__The problem__
Locate the line containing "Acrylic Keyring Key" in the entries below, then retype it and every later line exactly, leaving out pictures.

__Excerpted records__
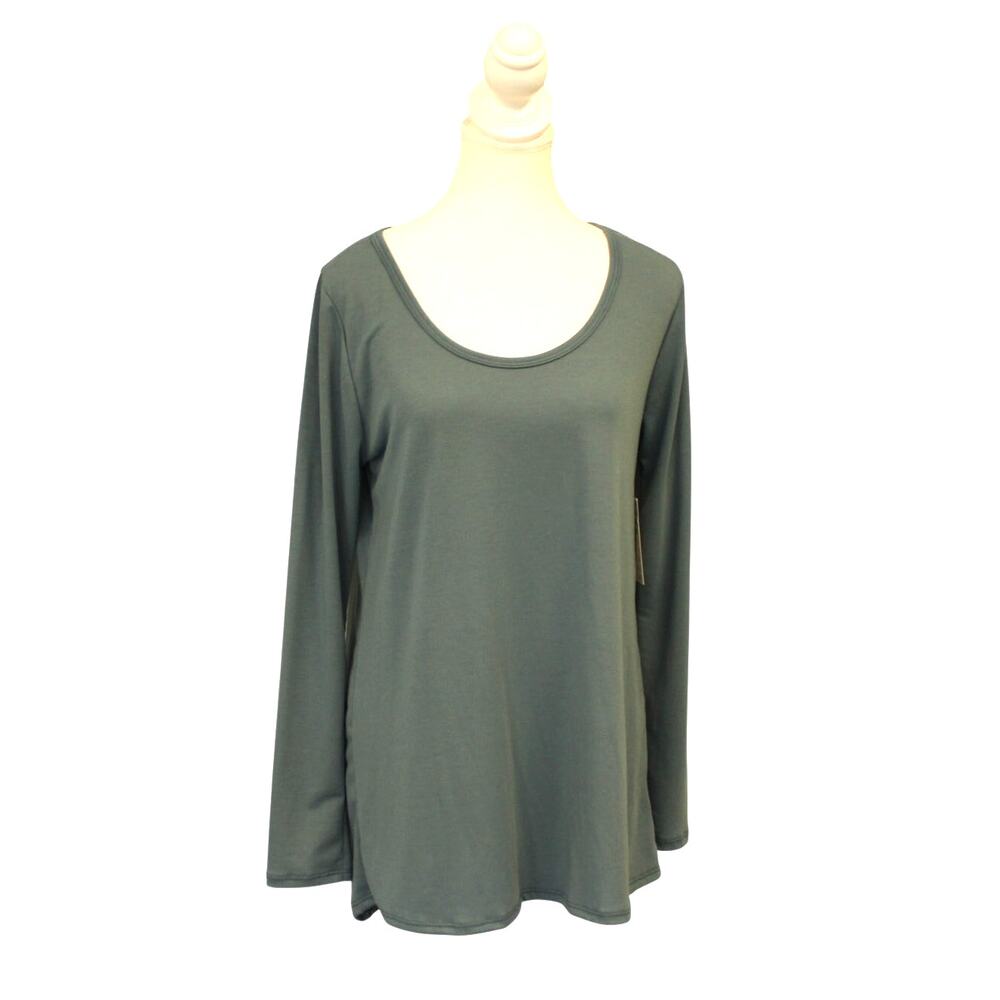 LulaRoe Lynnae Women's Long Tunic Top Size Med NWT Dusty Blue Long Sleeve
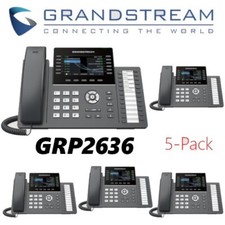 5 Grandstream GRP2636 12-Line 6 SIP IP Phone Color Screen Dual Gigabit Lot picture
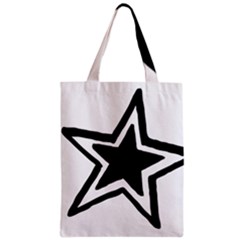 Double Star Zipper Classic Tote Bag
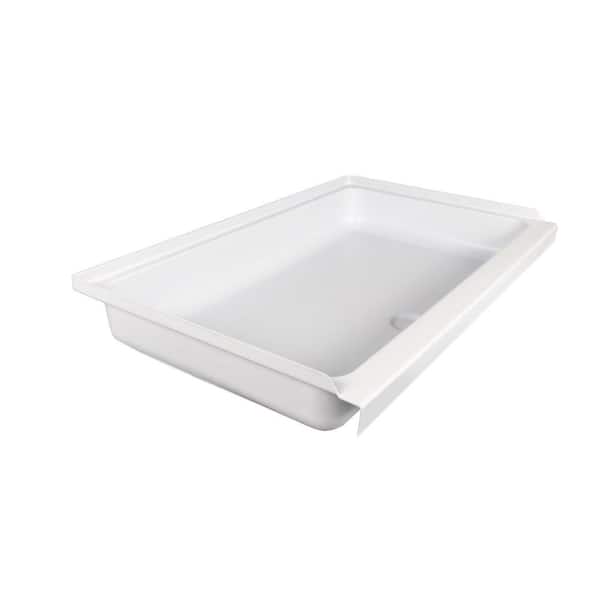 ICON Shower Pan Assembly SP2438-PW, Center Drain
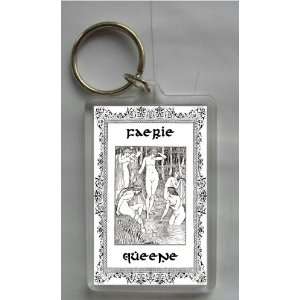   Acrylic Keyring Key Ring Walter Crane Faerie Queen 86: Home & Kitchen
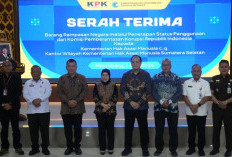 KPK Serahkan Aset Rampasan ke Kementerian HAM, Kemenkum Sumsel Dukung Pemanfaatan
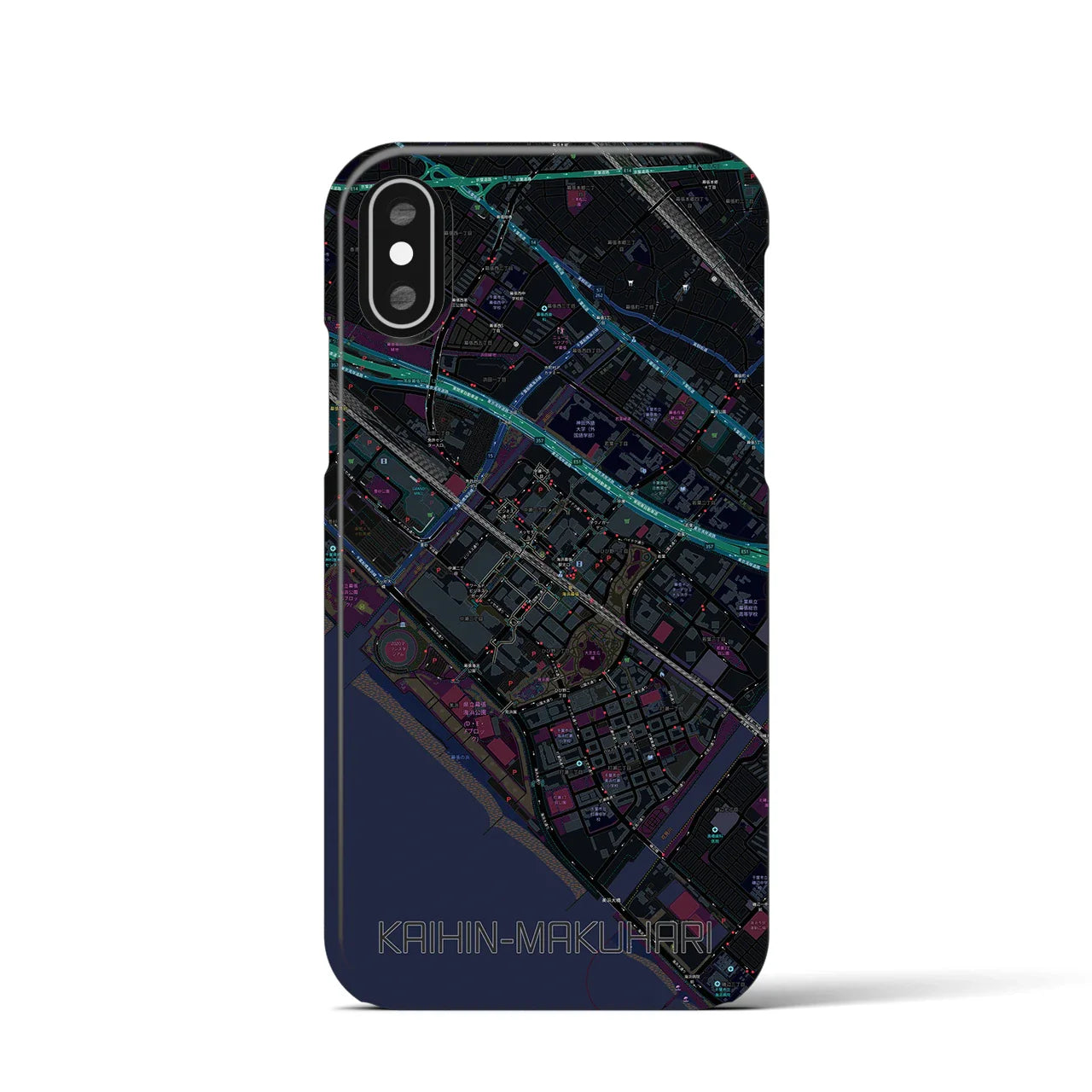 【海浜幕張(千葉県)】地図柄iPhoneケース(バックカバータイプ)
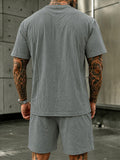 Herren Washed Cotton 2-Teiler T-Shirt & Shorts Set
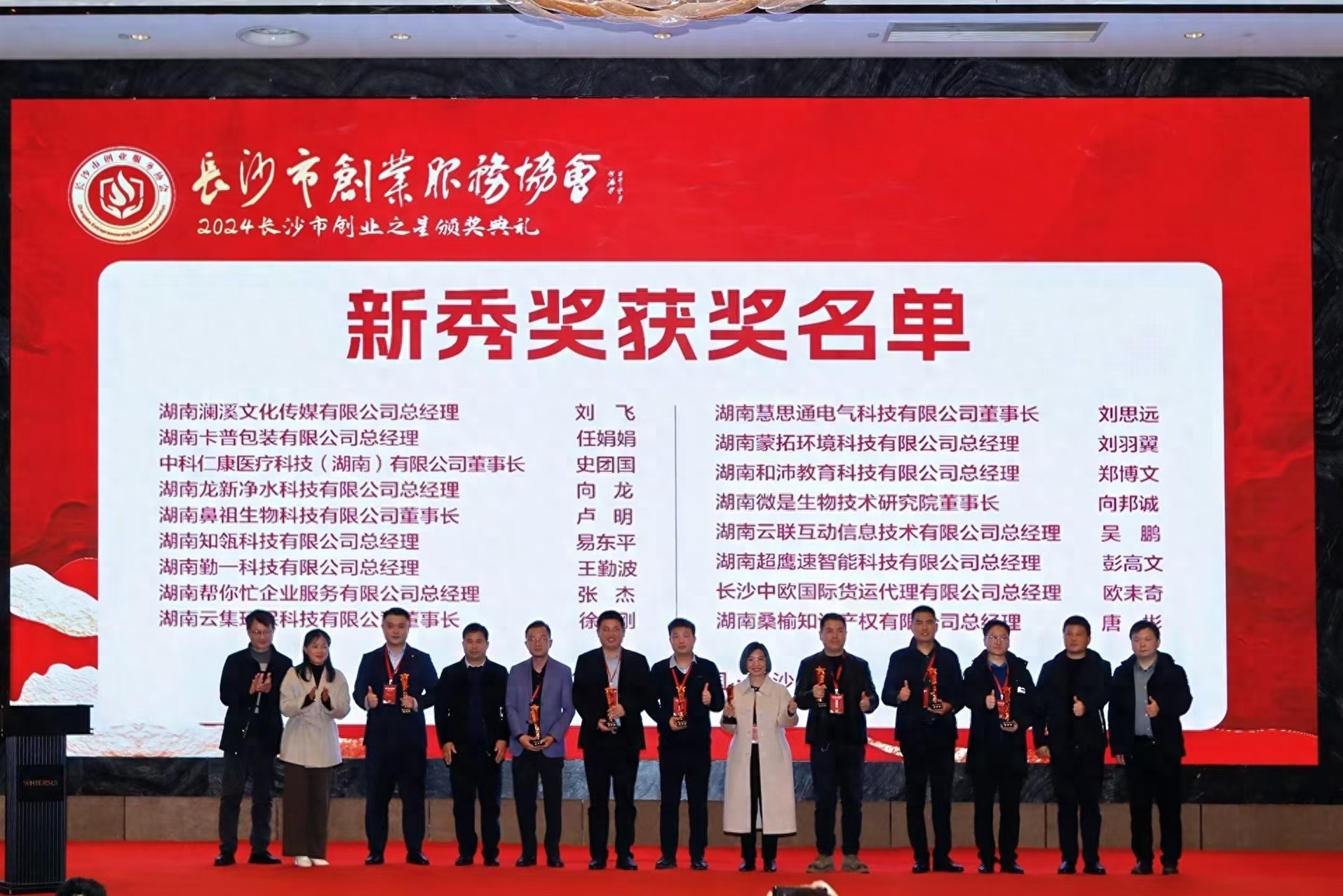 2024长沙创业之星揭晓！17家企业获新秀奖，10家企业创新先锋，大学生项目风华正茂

__Task response__
   Acrylic Keyring Key Ring Walter Crane Faerie Queen 86: Home & Kitchen
 KPK Serahkan Aset Rampasan ke Kementerian HAM, Kemenkum Sumsel Dukung Pemanfaatan
 【海浜幕張(千葉県)】地図柄iPhoneケース(バックカバータイプ)
 Herren Washed Cotton 2-Teiler T-Shirt & Shorts Set
 2024长沙创业之星揭晓！17家企业获新秀奖，10家企业创新先锋，大学生项目风华正茂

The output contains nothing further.